Barely resembling its much sturdier early seasons, “True Blood’s” sixth year started with the continuation of a promising cliffhanger. Vampire Bill Compton (Stephen Moyer) has merged with the undead goddess Lilith, remaking the once-noble character into a deadly messiah figure.
This metamorphosis has turned his erstwhile friends against him, primarily his ex, telepathic protagonist Sookie Stackhouse (Anna Paquin).
In previous “True Blood” seasons, its semiheroic monsters are a diverse bunch,
residents who periodically faced a main, power-mad villain. This time, the
attention shifts from Bill to the governor, Truman Burrell (Arliss Howard),
whose antivampire campaign suddenly becomes the main concern of the show’s
nocturnal creatures, even the law-abiding ones.
This is a direct consequence of last season’s Vampire Authority rampage, at least. Vampires are now incarcerated in a secret concentration camp, to be experimented on freely by their human oppressors.
Interesting concepts, but they—and most of the characters—don’t possess any “real” urgency this time. The silliness overpowers the serious and potentially compelling parts.
Sheriff Bellefleur (Chris Bauer) has suddenly become the father of four rapidly growing half-fairy daughters, whom he just named with numbers. And speaking of fairies, Sookie and brother Jason (Ryan Kwanten) comically meet their long-lost fairy grandfather Niall (Rutger Hauer).

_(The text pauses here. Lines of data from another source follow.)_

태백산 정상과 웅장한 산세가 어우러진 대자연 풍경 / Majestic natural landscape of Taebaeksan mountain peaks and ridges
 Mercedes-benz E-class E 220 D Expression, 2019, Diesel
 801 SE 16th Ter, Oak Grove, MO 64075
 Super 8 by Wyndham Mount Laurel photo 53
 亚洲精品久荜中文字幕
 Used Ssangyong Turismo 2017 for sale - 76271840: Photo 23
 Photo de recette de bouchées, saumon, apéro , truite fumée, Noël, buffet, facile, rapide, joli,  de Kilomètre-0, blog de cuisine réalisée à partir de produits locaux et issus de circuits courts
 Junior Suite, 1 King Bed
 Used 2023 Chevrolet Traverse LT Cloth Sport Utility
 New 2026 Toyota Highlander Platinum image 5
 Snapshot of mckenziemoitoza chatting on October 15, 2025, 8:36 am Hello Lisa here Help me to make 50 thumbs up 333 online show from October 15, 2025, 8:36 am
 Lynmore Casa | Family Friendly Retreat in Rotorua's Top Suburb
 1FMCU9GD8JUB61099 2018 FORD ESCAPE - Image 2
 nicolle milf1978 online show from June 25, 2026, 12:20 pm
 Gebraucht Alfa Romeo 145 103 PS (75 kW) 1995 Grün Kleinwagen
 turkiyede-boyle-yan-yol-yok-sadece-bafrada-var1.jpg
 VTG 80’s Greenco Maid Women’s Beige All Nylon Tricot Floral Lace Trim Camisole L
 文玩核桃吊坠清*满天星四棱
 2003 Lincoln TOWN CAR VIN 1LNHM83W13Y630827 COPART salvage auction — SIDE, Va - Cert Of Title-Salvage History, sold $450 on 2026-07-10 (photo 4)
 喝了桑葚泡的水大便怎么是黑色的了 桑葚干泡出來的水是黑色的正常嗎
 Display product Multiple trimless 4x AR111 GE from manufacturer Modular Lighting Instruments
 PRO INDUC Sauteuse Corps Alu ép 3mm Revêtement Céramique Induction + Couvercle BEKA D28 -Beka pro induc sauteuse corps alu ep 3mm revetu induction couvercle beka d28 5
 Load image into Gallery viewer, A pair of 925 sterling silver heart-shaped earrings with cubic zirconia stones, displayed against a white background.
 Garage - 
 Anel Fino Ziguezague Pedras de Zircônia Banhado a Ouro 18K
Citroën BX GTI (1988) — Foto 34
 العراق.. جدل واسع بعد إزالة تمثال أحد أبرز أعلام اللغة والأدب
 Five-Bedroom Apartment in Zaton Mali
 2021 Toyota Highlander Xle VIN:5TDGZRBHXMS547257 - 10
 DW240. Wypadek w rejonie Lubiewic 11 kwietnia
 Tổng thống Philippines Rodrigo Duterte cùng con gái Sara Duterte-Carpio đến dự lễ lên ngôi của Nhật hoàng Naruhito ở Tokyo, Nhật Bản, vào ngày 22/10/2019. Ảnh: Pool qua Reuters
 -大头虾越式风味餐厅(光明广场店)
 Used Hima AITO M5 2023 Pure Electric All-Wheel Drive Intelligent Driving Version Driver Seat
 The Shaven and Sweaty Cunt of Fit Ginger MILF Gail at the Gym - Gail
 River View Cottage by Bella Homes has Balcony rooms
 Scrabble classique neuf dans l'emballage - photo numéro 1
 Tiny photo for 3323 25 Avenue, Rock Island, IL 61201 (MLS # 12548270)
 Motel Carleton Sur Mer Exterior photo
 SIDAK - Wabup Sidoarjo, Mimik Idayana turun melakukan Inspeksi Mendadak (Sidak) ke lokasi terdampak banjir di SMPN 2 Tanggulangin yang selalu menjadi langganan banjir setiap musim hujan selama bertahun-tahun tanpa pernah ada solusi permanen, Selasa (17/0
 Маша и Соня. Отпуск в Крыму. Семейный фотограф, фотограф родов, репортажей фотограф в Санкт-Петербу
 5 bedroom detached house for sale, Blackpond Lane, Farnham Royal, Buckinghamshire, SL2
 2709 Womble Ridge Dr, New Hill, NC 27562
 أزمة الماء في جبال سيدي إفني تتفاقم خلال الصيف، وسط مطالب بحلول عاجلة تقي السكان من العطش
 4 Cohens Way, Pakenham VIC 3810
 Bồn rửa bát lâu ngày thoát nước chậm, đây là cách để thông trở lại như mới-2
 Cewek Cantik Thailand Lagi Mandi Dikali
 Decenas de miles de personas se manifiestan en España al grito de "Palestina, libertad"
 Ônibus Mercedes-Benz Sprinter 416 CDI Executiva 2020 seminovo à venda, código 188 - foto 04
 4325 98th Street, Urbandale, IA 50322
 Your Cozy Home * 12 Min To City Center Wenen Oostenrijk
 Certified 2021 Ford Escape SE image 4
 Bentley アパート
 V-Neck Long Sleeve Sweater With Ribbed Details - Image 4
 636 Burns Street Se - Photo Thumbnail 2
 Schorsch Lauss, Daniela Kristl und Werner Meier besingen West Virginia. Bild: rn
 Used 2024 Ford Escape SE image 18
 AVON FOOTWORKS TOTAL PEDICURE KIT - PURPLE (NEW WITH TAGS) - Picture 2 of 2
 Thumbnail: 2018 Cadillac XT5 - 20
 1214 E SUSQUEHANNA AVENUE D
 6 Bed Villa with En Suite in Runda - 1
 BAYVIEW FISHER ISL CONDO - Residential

New relationships come across as forced and inconsequential. Sookie quickly gets involved with a fairy vampire hybrid, the enigmatic immortal Warlow (Rob Kazinsky). The shape-shifter Sam (Sam Trammell), who hasn’t mourned the death of his recent girlfriend, is suddenly thrust into another relationship.
There’s an unprecedented personality makeover, too. The werewolf Alcide (Joe Manganiello) briefly became a villain, alienating friends (and presumably, devout fans) during his stint as a gruff “packmaster.”
With just 10 episodes this season, the show messily compresses arcs while oddly prolonging grating or laughable ones. A less-important character is killed off, and there’s an unnecessarily drawn-out funeral-centric episode.
To cap it off, the season-ender reinforces the idea that things are being rushed, more than usual. Still, like the season finales before it, it’s a cliffhanger that piques viewers’ curiosity, showing just enough for them to come back next year.
Looks like it’s taking a back-to-basics approach with the coming story line. But if it really is “True Blood’s” final season next year, it had better make people care for its characters again, and quit messing up its already weakened mythology.
As we go to press, the Associated Press reports that it’s a wrap for the “sexy supernaturals.”
The report says the series will end next year, “following a 10-episode season that will begin in the summer. That will be the show’s seventh season.”